(Extracted records)

>>

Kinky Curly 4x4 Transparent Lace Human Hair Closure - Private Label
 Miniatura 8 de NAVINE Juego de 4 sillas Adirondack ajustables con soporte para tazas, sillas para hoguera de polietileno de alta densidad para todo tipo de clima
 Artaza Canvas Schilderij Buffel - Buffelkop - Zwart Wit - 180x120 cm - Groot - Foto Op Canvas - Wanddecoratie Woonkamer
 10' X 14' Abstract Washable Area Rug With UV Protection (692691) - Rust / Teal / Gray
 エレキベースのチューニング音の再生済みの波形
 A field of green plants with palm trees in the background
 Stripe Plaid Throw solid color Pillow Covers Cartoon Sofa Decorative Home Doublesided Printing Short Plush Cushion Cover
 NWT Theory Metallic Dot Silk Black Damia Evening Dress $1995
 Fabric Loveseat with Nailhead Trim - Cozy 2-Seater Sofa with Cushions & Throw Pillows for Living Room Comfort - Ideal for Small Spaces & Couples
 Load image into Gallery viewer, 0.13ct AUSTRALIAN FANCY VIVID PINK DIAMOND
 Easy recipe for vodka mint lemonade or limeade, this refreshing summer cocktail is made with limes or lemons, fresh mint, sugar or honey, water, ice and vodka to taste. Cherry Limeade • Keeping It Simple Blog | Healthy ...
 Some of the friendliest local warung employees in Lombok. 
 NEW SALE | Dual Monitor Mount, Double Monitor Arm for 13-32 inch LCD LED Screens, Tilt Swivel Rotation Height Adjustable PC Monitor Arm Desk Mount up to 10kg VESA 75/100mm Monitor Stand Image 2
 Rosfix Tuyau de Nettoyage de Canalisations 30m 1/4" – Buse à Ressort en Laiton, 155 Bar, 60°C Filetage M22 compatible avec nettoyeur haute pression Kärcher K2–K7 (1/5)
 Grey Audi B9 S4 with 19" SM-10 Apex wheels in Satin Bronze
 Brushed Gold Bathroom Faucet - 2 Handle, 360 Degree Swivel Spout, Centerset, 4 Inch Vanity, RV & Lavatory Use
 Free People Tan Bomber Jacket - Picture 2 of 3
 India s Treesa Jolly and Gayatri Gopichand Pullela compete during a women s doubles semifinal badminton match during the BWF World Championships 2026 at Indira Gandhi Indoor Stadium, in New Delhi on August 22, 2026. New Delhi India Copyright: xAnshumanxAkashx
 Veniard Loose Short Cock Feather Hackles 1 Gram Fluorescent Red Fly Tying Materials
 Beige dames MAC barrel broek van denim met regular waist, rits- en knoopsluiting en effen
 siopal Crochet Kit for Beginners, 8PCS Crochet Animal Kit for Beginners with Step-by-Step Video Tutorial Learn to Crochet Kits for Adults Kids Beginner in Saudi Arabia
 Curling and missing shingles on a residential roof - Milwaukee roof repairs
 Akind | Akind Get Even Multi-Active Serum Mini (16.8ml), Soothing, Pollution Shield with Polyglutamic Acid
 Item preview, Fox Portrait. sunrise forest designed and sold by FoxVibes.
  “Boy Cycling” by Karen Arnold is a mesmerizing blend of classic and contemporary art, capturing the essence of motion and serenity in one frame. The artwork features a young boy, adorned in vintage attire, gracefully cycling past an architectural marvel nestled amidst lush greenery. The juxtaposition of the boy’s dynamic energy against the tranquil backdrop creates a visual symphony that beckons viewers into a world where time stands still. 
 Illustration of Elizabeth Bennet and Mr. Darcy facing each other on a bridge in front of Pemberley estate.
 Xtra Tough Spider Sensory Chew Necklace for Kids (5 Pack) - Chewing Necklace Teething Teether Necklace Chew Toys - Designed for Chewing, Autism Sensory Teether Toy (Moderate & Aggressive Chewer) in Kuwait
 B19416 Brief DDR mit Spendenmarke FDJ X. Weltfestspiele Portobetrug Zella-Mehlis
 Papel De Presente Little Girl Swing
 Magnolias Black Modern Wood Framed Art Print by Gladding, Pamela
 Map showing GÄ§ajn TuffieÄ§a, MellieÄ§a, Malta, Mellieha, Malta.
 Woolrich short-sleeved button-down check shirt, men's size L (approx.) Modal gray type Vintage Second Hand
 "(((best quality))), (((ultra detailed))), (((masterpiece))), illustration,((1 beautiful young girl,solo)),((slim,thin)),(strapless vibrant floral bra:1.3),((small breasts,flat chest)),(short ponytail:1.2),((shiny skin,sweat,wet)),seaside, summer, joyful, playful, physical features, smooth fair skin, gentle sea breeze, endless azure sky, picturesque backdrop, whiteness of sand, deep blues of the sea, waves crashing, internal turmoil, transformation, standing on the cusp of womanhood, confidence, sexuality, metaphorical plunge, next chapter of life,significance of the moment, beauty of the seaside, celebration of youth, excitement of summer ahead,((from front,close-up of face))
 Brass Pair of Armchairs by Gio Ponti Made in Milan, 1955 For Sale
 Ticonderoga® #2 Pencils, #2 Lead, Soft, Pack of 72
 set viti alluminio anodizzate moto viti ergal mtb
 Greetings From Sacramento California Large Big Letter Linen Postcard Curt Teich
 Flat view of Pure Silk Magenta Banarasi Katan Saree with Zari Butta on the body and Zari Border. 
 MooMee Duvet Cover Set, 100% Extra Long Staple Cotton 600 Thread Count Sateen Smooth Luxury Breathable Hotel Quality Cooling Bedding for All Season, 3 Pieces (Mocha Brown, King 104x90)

<<

**TASK ITEM**: Retype exactly, and only, the lines above from the one where "Artaza Canvas Schilderij" occurs up to and including the one where "A field of green" occurs.

**REPLY**:
 Artaza Canvas Schilderij Buffel - Buffelkop - Zwart Wit - 180x120 cm - Groot - Foto Op Canvas - Wanddecoratie Woonkamer
 10' X 14' Abstract Washable Area Rug With UV Protection (692691) - Rust / Teal / Gray
 エレキベースのチューニング音の再生済みの波形
 A field of green plants with palm trees in the background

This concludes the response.